These changes required thousands of new bureaucrats with a modern, technical education. To meet this need, the state established a network of new elementary, intermediate, and high schools styled on European curricula to train civil servants. Similarly, the laws of the empire were codified in an ambitious project to reconcile Islamic law with Western codes to make the Ottoman legal system more compatible with European legal norms.
So long as the reforms applied to the higher echelons of government, the subjects of the Ottoman Empire took little interest in the Tanzimat. In the course of the 1850s and 1860s, however, the reforms began to touch the lives of individuals. Ever fearful of taxation and conscription, Ottoman subjects resisted all state efforts to inscribe their names in the government’s registers. Parents avoided sending their children to state schools, fearing that by registering their names for study they would end up in the army. Townsmen avoided census officials and farmers avoided land registration for as long as they could. Yet as the bureaucracy grew in size and efficiency, the people of the empire succumbed to one of the imperatives of modern government: to maintain accurate records on the state’s subjects and their property.
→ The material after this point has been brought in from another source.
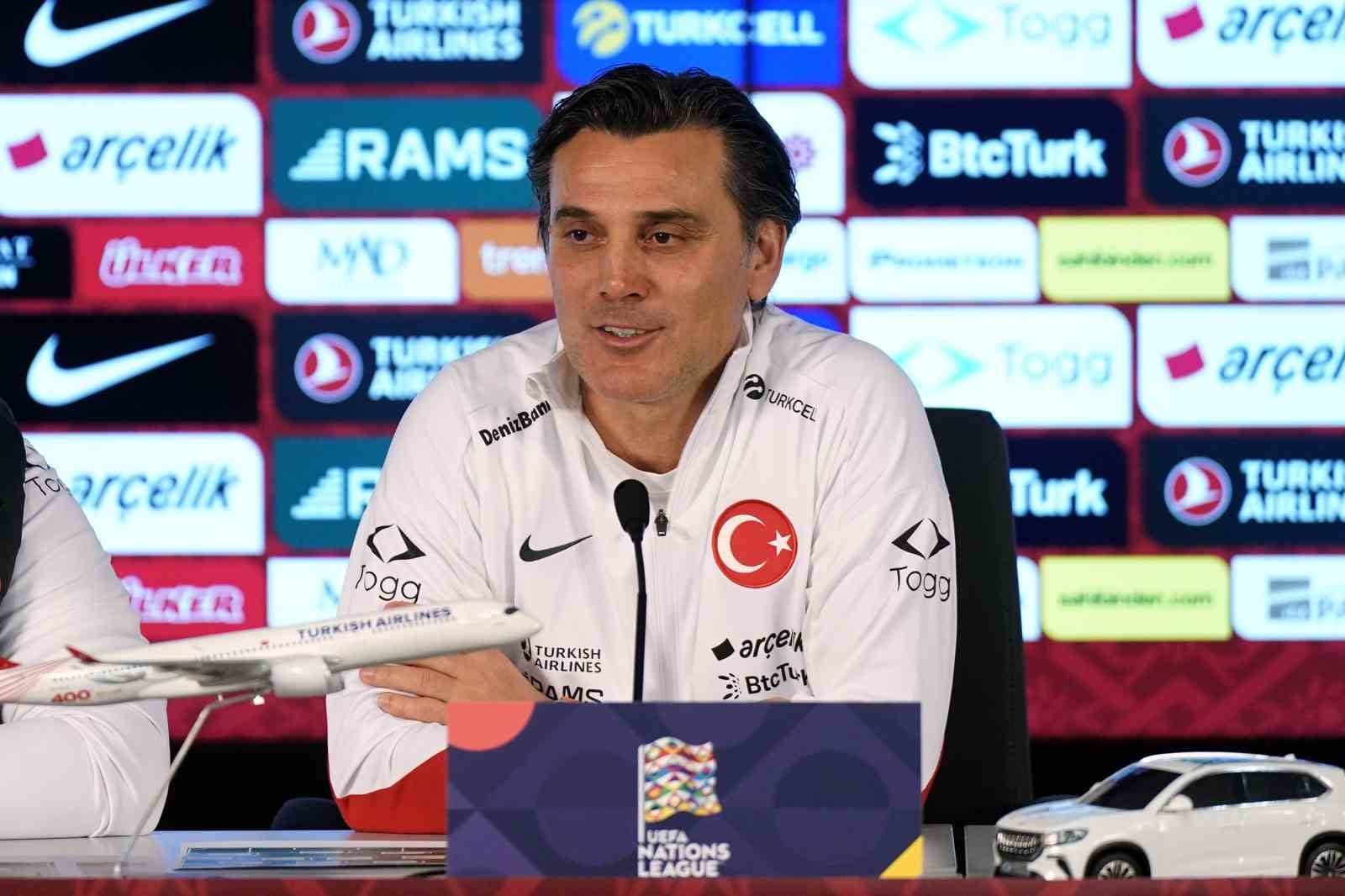Vincenzo Montella basın toplantısında Türkiye eşofmanıyla mikrofonların önünde konuşuyor.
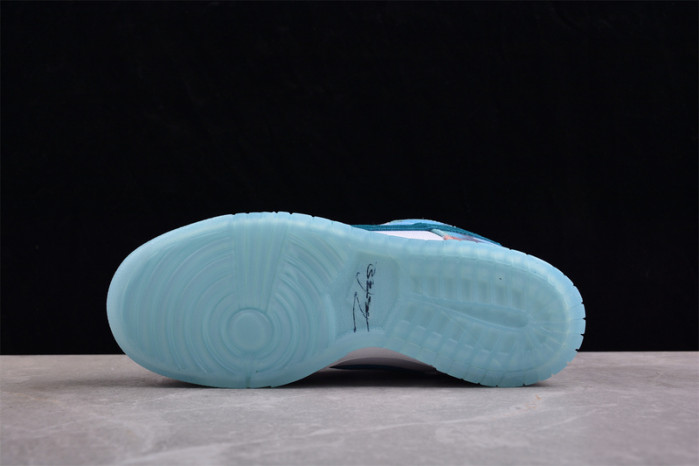 futura laboratories x nike dunk low sb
The sultan was no less affected by the reform process than his subjects. The absolute power of the Ottoman sultan eroded as the center of political gravity shifted from the sultan’s palace to the offices of the Ottoman government in the Sublime Porte. The Council of Ministers took on the principal legislative and executive roles in government, and the grand vizier emerged as the head of government. The sultan was reduced to the ceremonial and symbolic role of head of state. This evolution was capped by the promulgation of the constitution in 1876, which, while leaving great powers in the sultan’s hands, broadened political participation through the establishment of a parliament. In the course of thirty-seven years, Ottoman absolutism had been replaced by a constitutional monarchy.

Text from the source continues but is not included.